BEGIN

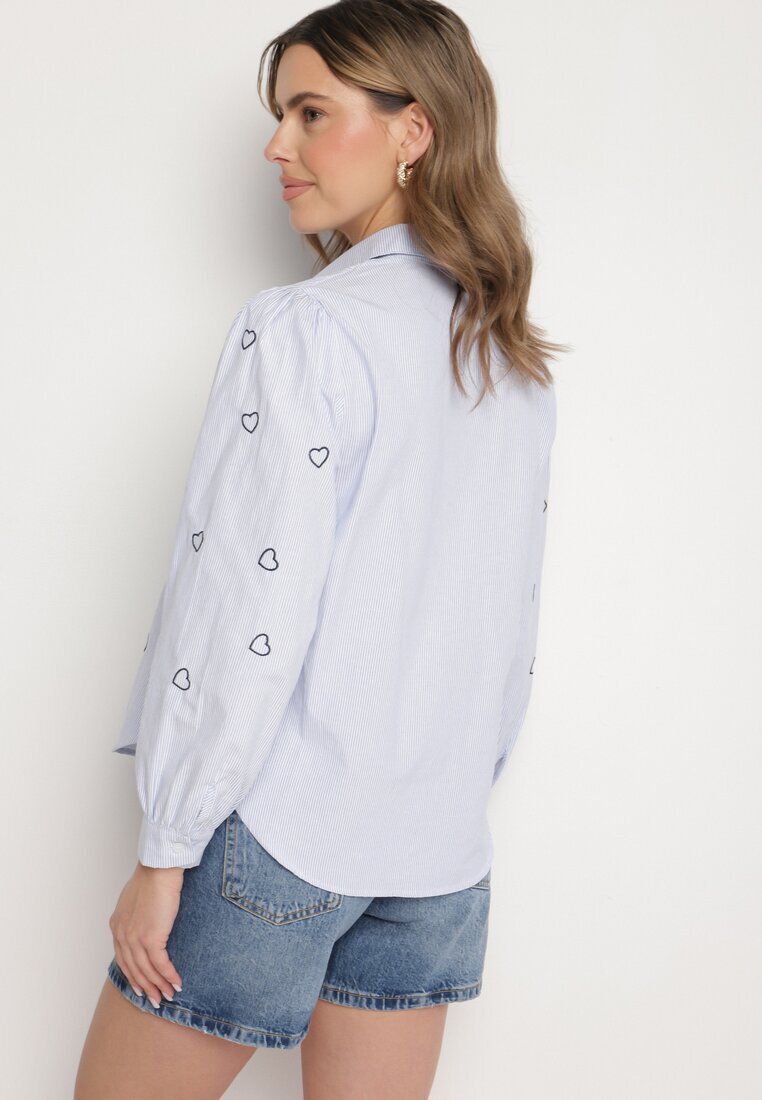 h&s Cămașă albastru-neagră de bumbac cu broderie decorativă Doviene
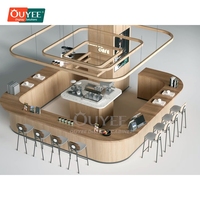 Conception de l'aménagement de magasin de détail sur mesure en bois et métal, solution pour magasin de thé au lait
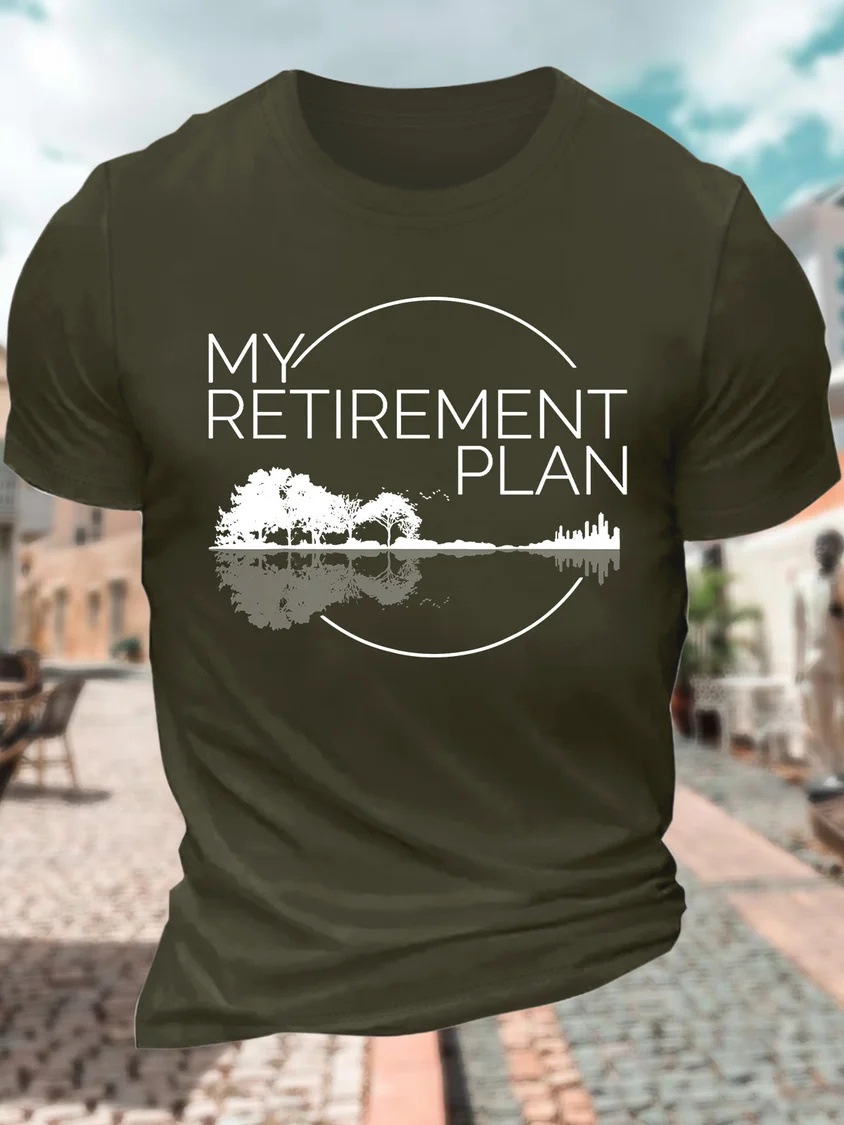 Europe & America Oversized Men's My Retirement Plan Guitar Cotton Letter Print Casual T-Shirt - TT7385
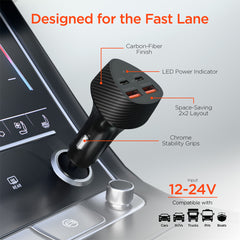 77W Quad-Port Fast Car Charger with 4ft USB-C Cable – Dual 30W USB-C PD PPS & Dual USB-A Ports – 4 Device Fast Charging Adapter for iPhone, Samsung, Android, Tablets & Laptops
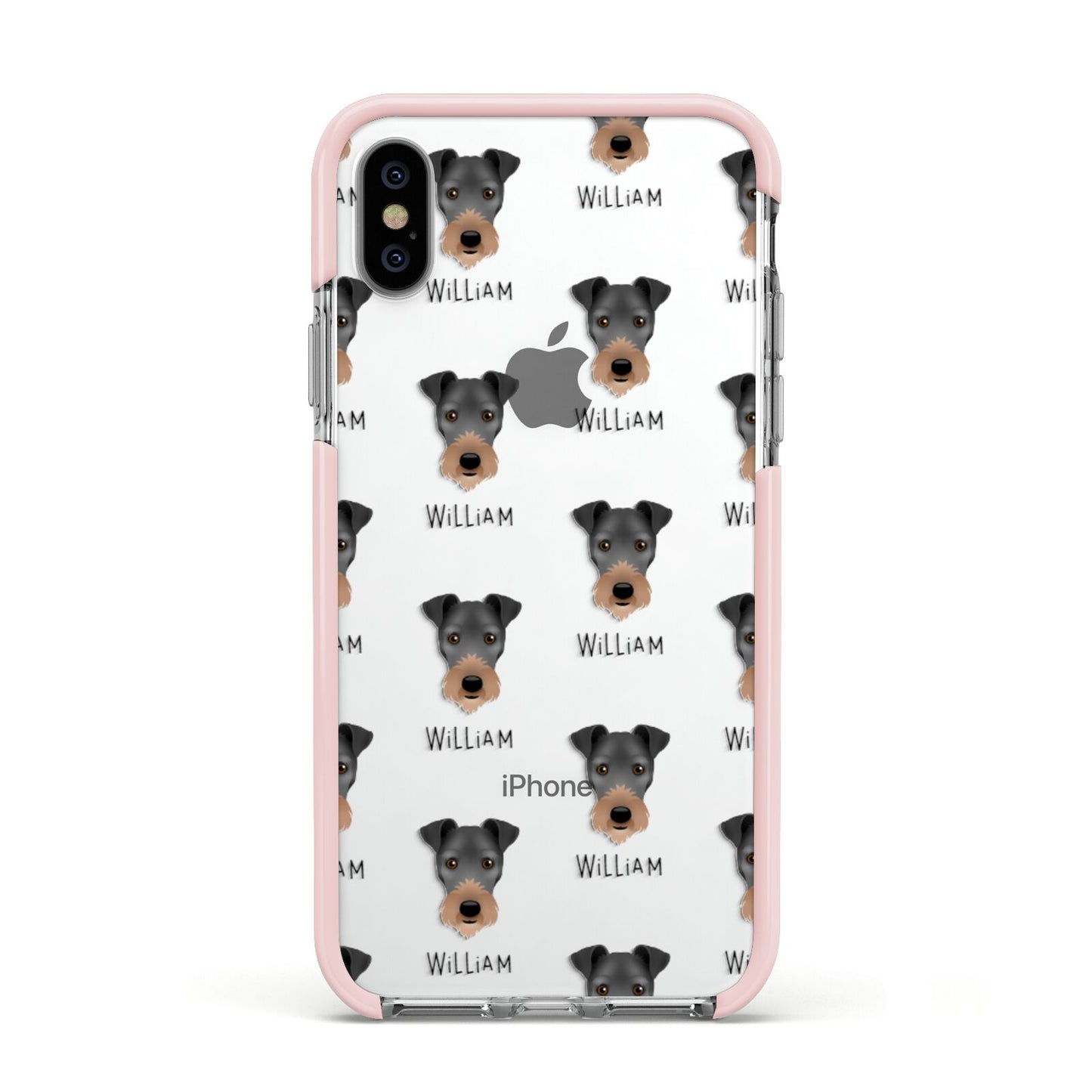 Irish Terrier Icon with Name Apple iPhone Xs Impact Case Pink Edge on Silver Phone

END

=== Brief ===
Write out the whole listing above exactly, minus images.

=== Expected output ===
 h&s Cămașă albastru-neagră de bumbac cu broderie decorativă Doviene
 Conception de l'aménagement de magasin de détail sur mesure en bois et métal, solution pour magasin de thé au lait
 Europe & America Oversized Men's My Retirement Plan Guitar Cotton Letter Print Casual T-Shirt - TT7385
 77W Quad-Port Fast Car Charger with 4ft USB-C Cable – Dual 30W USB-C PD PPS & Dual USB-A Ports – 4 Device Fast Charging Adapter for iPhone, Samsung, Android, Tablets & Laptops
 Irish Terrier Icon with Name Apple iPhone Xs Impact Case Pink Edge on Silver Phone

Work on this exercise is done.